The two-day event focuses on a different theme each year. This year’s was the intersection of Indian boarding schools and theological and Christian education with panel discussions by Native leaders, “learning lunches,” and United Lutheran Seminary President R. Guy Erwin delivering the keynote lecture.

Modeling our mission after Jesus

It is in Blackfox’s theology of mission as relationship building that all of his commitments converge.

“Mission is about relationship building. Our mission has to be modeled after Jesus. And Jesus’ sense of service had everything to do with making sure that people felt loved and included. We shouldn’t interpret the moments that he fed people as service. When Jesus fed people, it was to bring them to community, to empower the least,” he said.
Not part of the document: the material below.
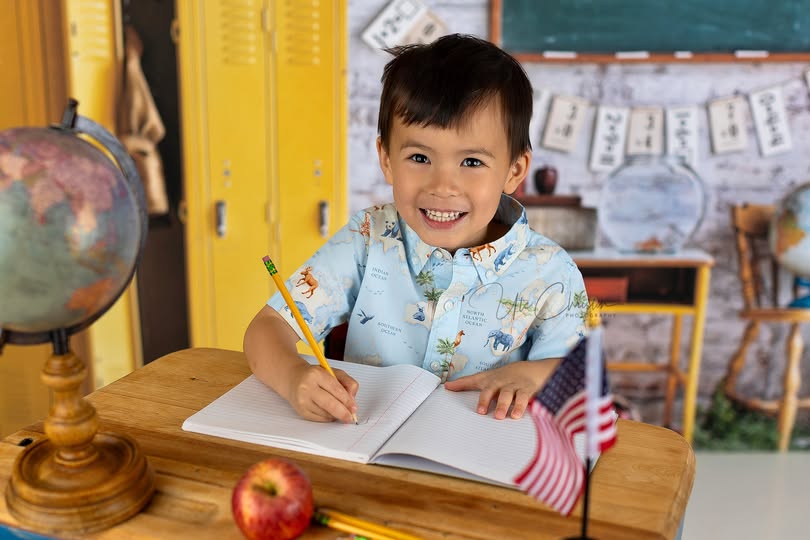 Fotohintergrund für Schulanfangsfotos Gelber Spind Klassenzimmer Schulhintergrund MRR9-43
The paternalistic approach to mission is rooted in the Doctrine of Discovery and an inability to understand that mission really is about relationships. For too long mission has been bound up in racism, disrespect of creation and other forms of brokenness,” he said.

“Jesus was very much a tribal person. In the feeding stories, for me, Jesus wasn’t serving the people. Jesus is, like, ‘These are my people. Why wouldn’t I feed my family?’ It wasn’t, ‘I’m me and I’m going to serve them.’ It was, ‘This is us. We’re all hungry. I have the power to take care of this, so I’m going to do it.’ Just like our grandmas do in our Indian churches. They turn nothing into something every Sunday. And not because they’re serving anybody. No, they too are thinking, ‘It’s my family, it’s my church family. We’re hungry, we’ve got to eat. I have the ability to take care of this so I’m going to do it.’ So how do we shift the narrative and stop justifying this unhealthy way of doing service to people? Instead, we need to do mission in a new but very old way by building good and healthy relationships with one another.